Web page caption snippets
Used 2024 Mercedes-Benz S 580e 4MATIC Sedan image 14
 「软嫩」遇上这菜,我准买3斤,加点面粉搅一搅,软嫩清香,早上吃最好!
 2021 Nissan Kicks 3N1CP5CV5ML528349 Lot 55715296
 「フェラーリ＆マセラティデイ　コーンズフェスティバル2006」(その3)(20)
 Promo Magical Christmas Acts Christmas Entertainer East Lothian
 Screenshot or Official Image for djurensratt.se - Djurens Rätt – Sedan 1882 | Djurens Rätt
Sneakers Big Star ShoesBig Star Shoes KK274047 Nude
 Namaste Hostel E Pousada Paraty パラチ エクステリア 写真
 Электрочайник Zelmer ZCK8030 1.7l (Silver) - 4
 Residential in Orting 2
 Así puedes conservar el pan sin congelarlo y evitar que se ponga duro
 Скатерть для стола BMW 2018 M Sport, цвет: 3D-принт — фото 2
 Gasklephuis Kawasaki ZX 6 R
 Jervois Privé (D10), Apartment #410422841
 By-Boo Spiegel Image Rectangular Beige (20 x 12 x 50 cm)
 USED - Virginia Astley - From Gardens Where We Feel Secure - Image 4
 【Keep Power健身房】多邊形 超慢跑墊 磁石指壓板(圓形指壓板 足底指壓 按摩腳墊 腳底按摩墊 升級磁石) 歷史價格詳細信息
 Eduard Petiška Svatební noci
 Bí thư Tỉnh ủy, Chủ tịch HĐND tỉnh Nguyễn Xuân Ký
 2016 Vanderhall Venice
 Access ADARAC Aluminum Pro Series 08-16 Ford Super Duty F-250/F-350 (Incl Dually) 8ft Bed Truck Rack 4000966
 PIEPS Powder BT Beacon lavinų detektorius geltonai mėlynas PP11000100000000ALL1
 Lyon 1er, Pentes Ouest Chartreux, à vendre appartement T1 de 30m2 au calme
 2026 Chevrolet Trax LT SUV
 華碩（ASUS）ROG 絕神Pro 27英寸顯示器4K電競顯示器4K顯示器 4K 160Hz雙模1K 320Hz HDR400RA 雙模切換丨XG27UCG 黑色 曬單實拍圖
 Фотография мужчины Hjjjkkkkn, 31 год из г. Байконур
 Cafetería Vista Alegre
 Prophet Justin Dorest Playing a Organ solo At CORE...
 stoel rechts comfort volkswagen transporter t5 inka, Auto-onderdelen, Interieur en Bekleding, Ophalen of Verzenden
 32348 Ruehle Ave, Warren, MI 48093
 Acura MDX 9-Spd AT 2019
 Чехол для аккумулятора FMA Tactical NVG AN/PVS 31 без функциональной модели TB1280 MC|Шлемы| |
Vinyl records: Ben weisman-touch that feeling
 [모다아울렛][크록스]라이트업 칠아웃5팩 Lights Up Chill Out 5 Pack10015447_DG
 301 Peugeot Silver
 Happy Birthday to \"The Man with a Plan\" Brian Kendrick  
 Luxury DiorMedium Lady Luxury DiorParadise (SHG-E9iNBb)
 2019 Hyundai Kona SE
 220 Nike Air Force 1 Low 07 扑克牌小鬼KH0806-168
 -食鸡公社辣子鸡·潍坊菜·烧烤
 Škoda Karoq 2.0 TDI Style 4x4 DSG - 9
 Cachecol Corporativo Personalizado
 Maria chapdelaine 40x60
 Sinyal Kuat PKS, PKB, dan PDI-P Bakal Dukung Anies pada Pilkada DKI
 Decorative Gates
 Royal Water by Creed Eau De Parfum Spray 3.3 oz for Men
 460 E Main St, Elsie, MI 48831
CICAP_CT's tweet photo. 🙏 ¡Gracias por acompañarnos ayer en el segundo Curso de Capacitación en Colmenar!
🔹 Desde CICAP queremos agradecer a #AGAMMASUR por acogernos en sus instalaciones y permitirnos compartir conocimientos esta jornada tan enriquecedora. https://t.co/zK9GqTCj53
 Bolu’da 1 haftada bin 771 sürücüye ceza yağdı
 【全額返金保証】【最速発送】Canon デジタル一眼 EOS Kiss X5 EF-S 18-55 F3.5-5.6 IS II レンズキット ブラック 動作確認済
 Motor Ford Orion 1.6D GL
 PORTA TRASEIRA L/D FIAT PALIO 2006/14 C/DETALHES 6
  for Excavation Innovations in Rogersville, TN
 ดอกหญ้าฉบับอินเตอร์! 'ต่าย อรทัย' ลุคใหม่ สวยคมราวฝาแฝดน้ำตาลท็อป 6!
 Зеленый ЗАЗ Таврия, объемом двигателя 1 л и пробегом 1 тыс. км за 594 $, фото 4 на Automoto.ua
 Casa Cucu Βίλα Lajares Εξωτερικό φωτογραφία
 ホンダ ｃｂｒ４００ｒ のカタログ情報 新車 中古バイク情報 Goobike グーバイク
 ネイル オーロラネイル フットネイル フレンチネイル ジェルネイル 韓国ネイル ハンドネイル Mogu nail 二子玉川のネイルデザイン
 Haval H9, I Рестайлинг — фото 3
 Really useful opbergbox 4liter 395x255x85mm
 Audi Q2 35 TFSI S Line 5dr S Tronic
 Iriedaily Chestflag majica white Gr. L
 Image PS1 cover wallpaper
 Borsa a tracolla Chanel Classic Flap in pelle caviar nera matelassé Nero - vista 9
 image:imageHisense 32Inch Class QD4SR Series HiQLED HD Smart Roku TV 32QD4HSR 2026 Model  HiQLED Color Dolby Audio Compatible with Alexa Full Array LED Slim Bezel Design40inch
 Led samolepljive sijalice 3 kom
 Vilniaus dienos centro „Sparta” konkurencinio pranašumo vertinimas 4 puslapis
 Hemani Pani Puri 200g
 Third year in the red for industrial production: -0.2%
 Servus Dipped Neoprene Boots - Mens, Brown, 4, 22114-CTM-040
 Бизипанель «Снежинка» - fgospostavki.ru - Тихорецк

→ **WORK TO BE COMPLETED**
Reproduce each line of the records in which "Silver" appears.

→ **RESULT**
 Электрочайник Zelmer ZCK8030 1.7l (Silver) - 4
 301 Peugeot Silver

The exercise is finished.